I think that the whole House heard me say that I would give way presently. The right hon. Gentleman, however, was too indisciplined and too disorderly to take that, so I now withdraw my promise.

My right hon. and learned Friend asserts that he is accountable and responsible to the House of Commons. He must give answers at the Dispatch Box, and he is personally responsible for policy. That is precisely why he is entitled to be consulted. That is why he is entitled to inquire and to raise questions that he may expect to be asked at the Dispatch Box. But perhaps the most incredible thing that we heard—

Mr. Kaufman

rose

Miss Widdecombe

The right hon. Gentleman was too indisciplined to take advantage of my promise to give way presently. He wasted my time, and he ain't going to waste any more of it.

We have heard that officials appearing before Select Committees must give the views of their political masters.

Mr. Kaufman

On a point of order, Madam Deputy Speaker.

Madam Deputy Speaker

I hope that it is a point of order.

Mr. Kaufman

I should like to hear your ruling, Madam Deputy Speaker. When a Minister promises to give way and then breaks the promise, does that constitute a breach of an order of the House?

Madam Deputy Speaker

I am not responsible for what hon. Members may say to one another. The rule states that, if the hon. Member making a speech does not give way, the other must resume his seat. That is the only rule for the Chair.

Miss Widdecombe

I think we can deduce from the way in which the right hon. Gentleman seeks to waste the House's time that he does not want to hear the reply to his question.

We have been told that officials appearing before Select Committees are the slaves of their political masters. Paragraph 46 of the Cabinet guidance issued to officials attending Select Committees states: Officials appearing before Select Committees are responsible for ensuring that the evidence they give is accurate. I think we may assume that the former director general made sure that the evidence he gave was accurate. It entirely ties in with my right hon. and learned Friend's version. I do not believe that there can be any further dispute about the validity of the evidence given by both my right hon. and learned Friend and the former Director General of the Prison Service.

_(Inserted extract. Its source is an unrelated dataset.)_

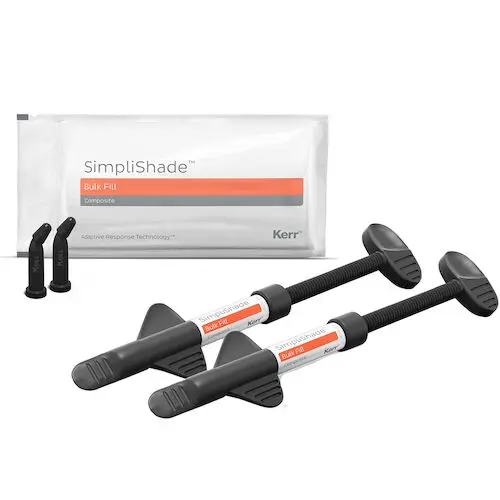 Kerr SimpliShade Bulk Fill Composite Unidose, 0.25g Compules, Pack of 20, #37202 thumbnail 9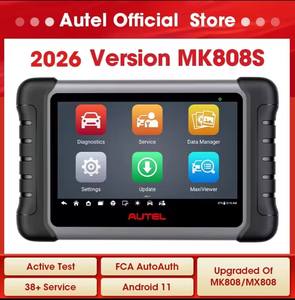 Escáner OBD2 Original Autel MaxiCOM MK808S – Herramienta de Diagnóstico Automotriz Profesional con Escaneo Completo del Sistema <span class=keywords><strong>en</strong></span> Venta - Product Image 5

My right hon. Friend the Member for Fareham (Sir P. Lloyd) raised many issues that were, he said, to the credit of Derek Lewis. Let me tell him that my right hon. and learned Friend specifically paid tribute to those achievements in his statement on Monday, and that it nevertheless remains true that we received a seriously condemnatory report. My right hon. and learned Friend had a duty to the House to consider that report, to consider whether to accept it and, if he did so, to act on its conclusions.

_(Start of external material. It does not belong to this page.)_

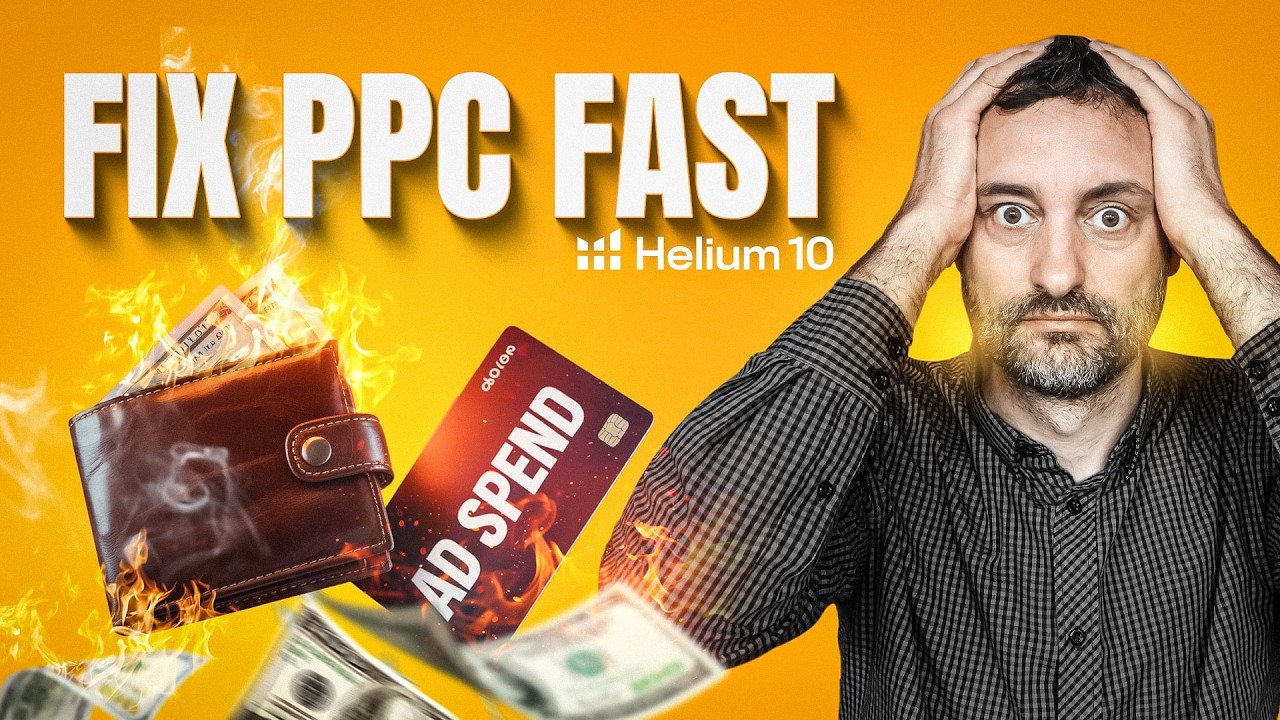 3 Amazon PPC Mistakes Costing You Money and How To Fix Them - YouTube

Allegations of "scapegoating" have also been made in regard to the former governor of Parkhurst prison. The activities of this poor man who was apparently "scapegoated" were analysed extremely clearly in Sir John Learmont's report. As we have heard, he did not actually undertake rub-down searches. Why not? Well, he thought that the requirement was unrealistic: such searches were time-consuming, and a bit impractical in a prison that was undergoing major structural reorganisation.

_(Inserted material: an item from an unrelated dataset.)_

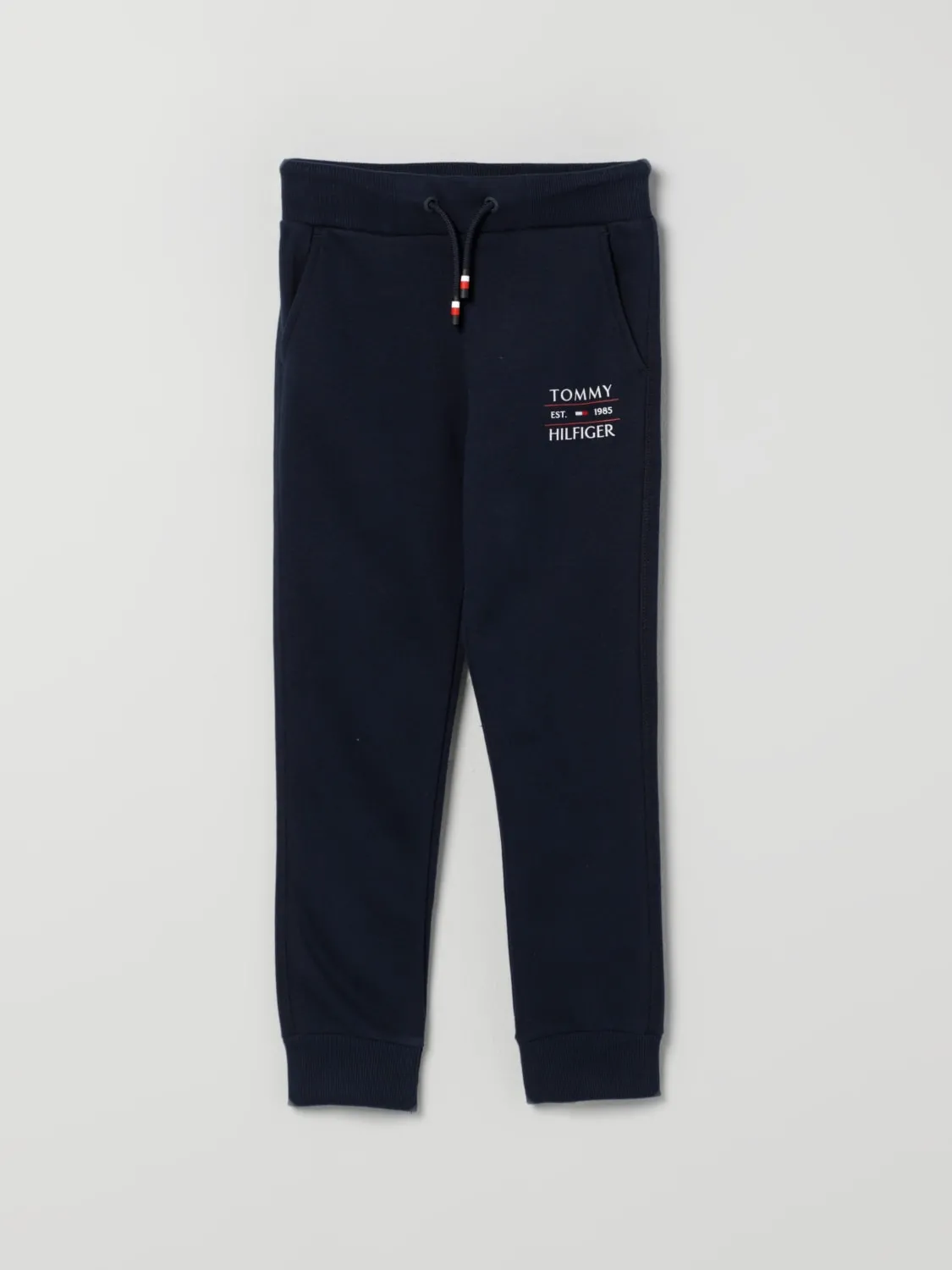 Pantalone jogging con logo Tommy Hilfiger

The governor also decided to reduce the amount available on phone cards, because he discovered that they were being used to pay for cannabis, heroin and syringes—to finance drugs, gambling, trade and debts. Then he went and doubled the allowance. How does that make for a responsible governor? How can a man who could act like that be described as a scapegoat? Surely it was incumbent on both my right hon. and learned Friend and the director general to ensure that that man ceased to govern Parkhurst prison at the first possible opportunity, and that is what they did. They fulfilled their duty to the House. If the Opposition object to that, they should go and explain their objections to the electorate—and they will fail completely in that, as they have failed persistently in the past four general elections and will fail in the next.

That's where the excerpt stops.